▸ Directions for this task
Return the records that follow unaltered. Omit every picture.

[Short text fragments from websites]
*** Begin section ***
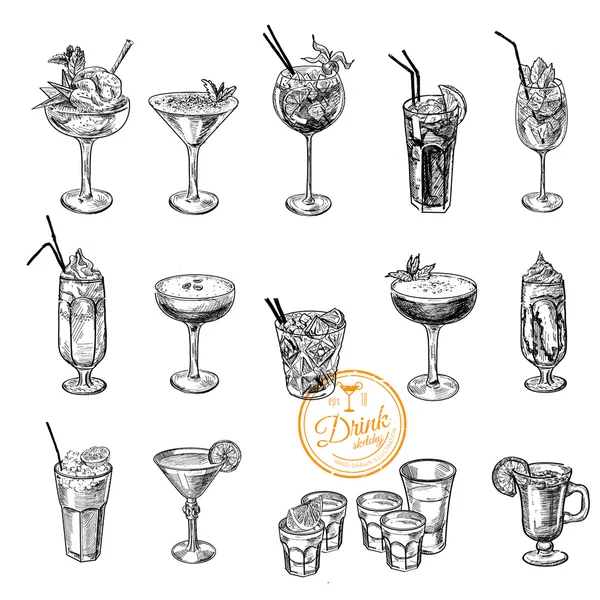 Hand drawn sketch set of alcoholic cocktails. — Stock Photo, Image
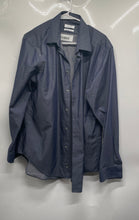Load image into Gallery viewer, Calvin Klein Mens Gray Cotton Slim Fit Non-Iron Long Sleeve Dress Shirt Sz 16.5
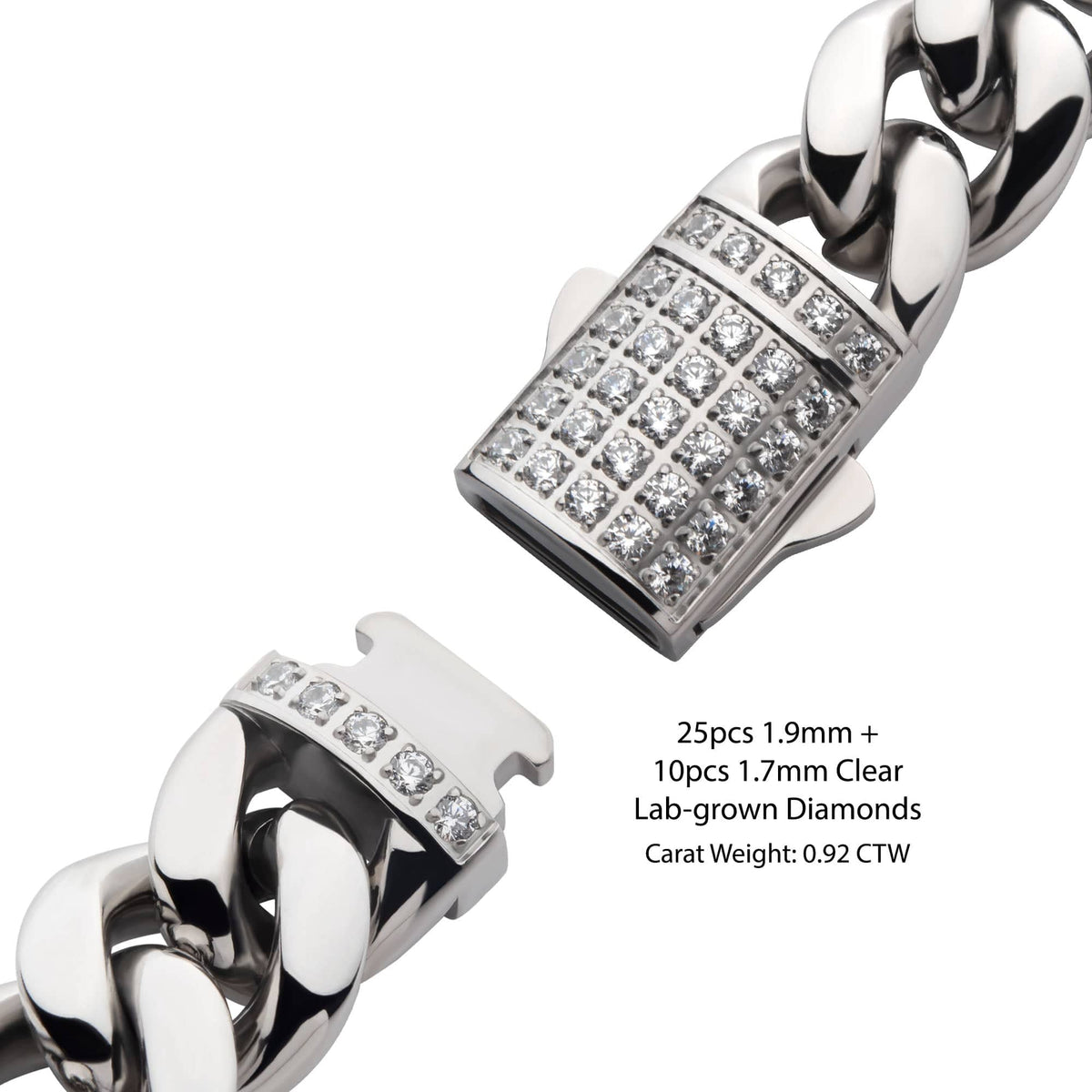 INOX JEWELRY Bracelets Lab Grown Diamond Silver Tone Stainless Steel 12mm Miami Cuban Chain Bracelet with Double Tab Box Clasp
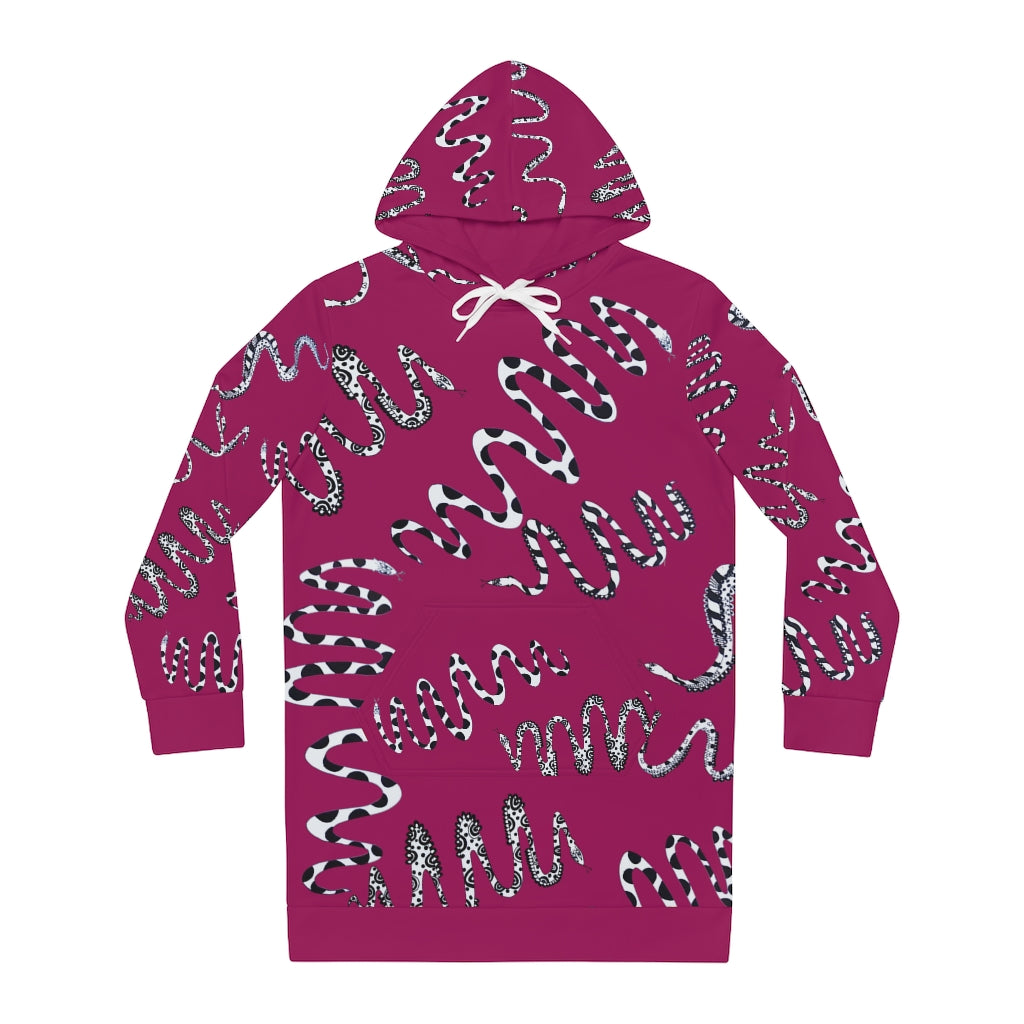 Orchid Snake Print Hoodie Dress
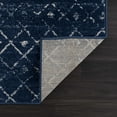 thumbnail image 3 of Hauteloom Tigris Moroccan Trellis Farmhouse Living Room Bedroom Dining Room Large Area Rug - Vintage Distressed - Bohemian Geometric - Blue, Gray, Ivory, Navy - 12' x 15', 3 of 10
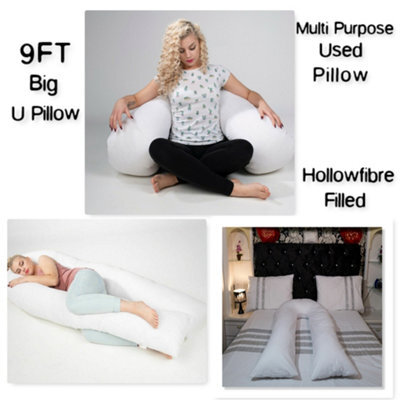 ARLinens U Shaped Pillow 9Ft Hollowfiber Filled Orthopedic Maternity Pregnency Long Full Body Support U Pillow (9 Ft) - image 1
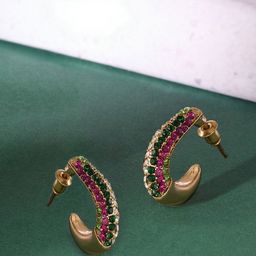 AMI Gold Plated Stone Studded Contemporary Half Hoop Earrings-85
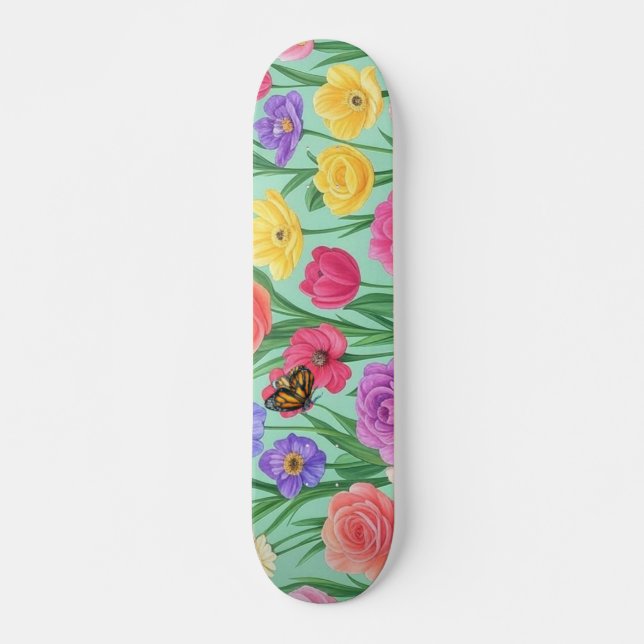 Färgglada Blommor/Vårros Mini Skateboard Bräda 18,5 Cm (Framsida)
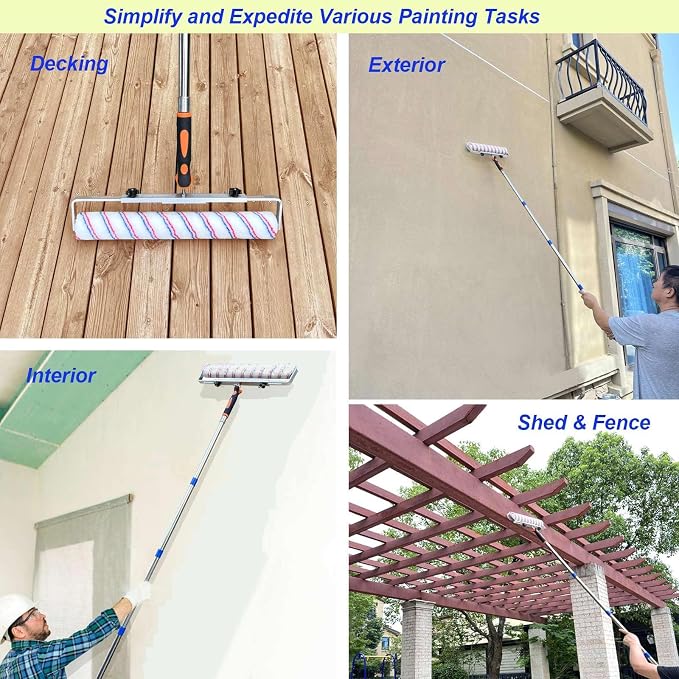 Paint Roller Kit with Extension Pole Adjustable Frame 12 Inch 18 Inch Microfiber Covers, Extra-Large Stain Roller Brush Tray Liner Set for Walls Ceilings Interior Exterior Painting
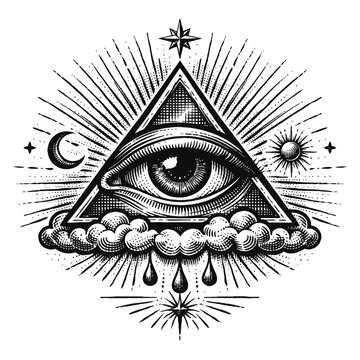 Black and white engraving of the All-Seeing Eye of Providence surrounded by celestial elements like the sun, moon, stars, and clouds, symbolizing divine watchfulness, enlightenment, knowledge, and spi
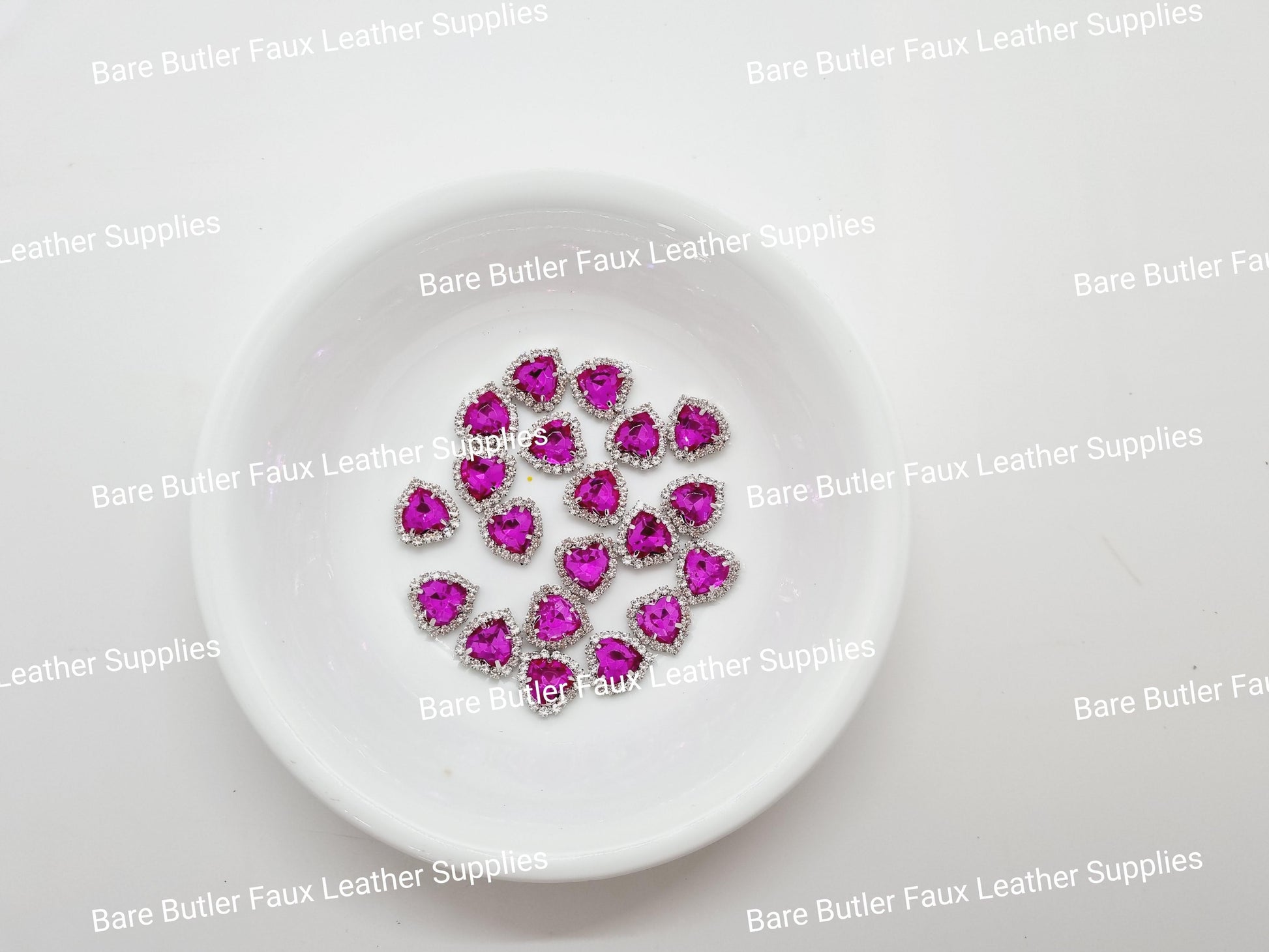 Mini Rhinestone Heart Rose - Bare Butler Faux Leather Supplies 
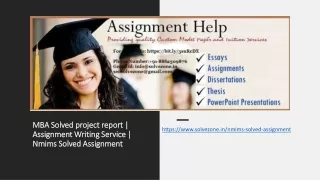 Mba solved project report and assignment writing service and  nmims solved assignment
*** End section ***
▸ Your solution
 Hand drawn sketch set of alcoholic cocktails. — Stock Photo, Image
Load image into Gallery viewer, Calvin Klein Mens Gray Cotton Slim Fit Non-Iron Long Sleeve Dress Shirt Sz 16.5
 INOX JEWELRY Bracelets Lab Grown Diamond Silver Tone Stainless Steel 12mm Miami Cuban Chain Bracelet with Double Tab Box Clasp
 Orchid Snake Print Hoodie Dress
 thumbnail image 3 of Hauteloom Tigris Moroccan Trellis Farmhouse Living Room Bedroom Dining Room Large Area Rug - Vintage Distressed - Bohemian Geometric - Blue, Gray, Ivory, Navy - 12' x 15', 3 of 10
 ARLinens U Shaped Pillow 9Ft Hollowfiber Filled Orthopedic Maternity Pregnency Long Full Body Support U Pillow (9 Ft) - image 1
 AMI Gold Plated Stone Studded Contemporary Half Hoop Earrings-85
 Färgglada Blommor/Vårros Mini Skateboard Bräda 18,5 Cm (Framsida)
 Paint Roller Kit with Extension Pole Adjustable Frame 12 Inch 18 Inch Microfiber Covers, Extra-Large Stain Roller Brush Tray Liner Set for Walls Ceilings Interior Exterior Painting
 Black and white engraving of the All-Seeing Eye of Providence surrounded by celestial elements like the sun, moon, stars, and clouds, symbolizing divine watchfulness, enlightenment, knowledge, and spi
 Mini Rhinestone Heart Rose - Bare Butler Faux Leather Supplies 
 Mba solved project report and assignment writing service and  nmims solved assignment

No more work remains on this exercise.